Much has been said about General Grant's reticence, and it might be supposed from some accounts that he is mute as a statue. But, on the contrary, though he is not loquacious or demonstrative, and never seeks opportunities to express his opinions, he is often very agreeable in conversation, and is straightforward, honest, and simple in his language as he is in all his conduct. But upon all matters connected with his official action he is discreetly reticent. During the war he never announced his plans or talked about them, except with those whom he could absolutely trust, and his staff officers, following his instruction and example, were equally silent.

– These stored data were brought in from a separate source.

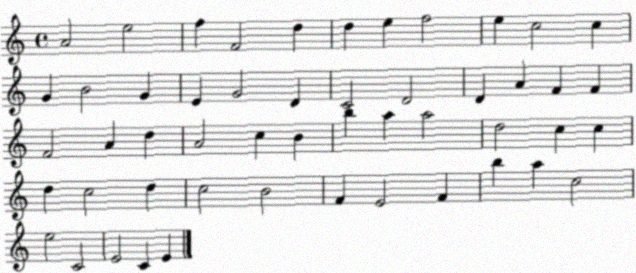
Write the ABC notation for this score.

X:1
T:Untitled
M:4/4
L:1/4
K:C
A2 e2 f F2 d d e f2 e c2 c G B2 G E G2 D C2 D2 D A F F F2 A d A2 c B b a a2 d2 c c d c2 d c2 B2 F E2 F b a c2 e2 C2 E2 C E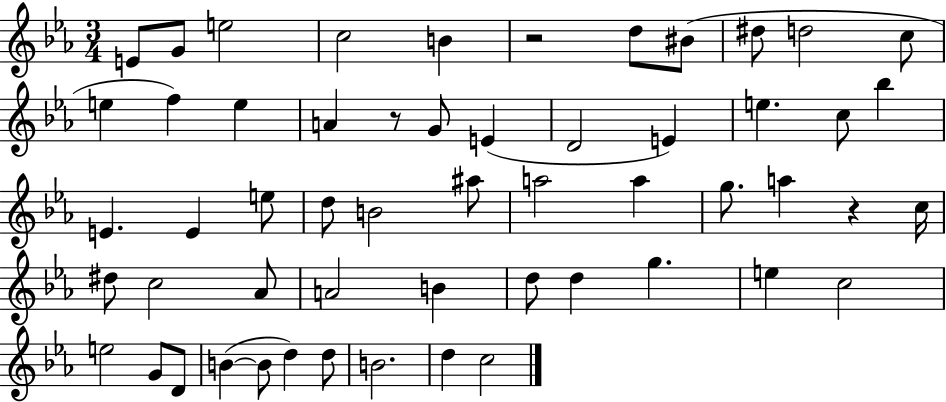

When he took the field with the army of the Potomac, he was frequently beset by members of Congress, correspondents of the press, and visitors favored with special passes to the front, who endeavored to elicit from him something of his views and purposes. But they were always unsuccessful, and were obliged to be content with the most general remarks, from which they drew inferences to suit themselves, or were put off with quiet monosyllables, which sometimes alarmed their fears and sometimes wounded their conceit. Impertinent querists and officious advisers often retired from his headquarters utterly baffled in their purposes, and uncertain whether to be angry or not. A characteristic anecdote of such an interview is told.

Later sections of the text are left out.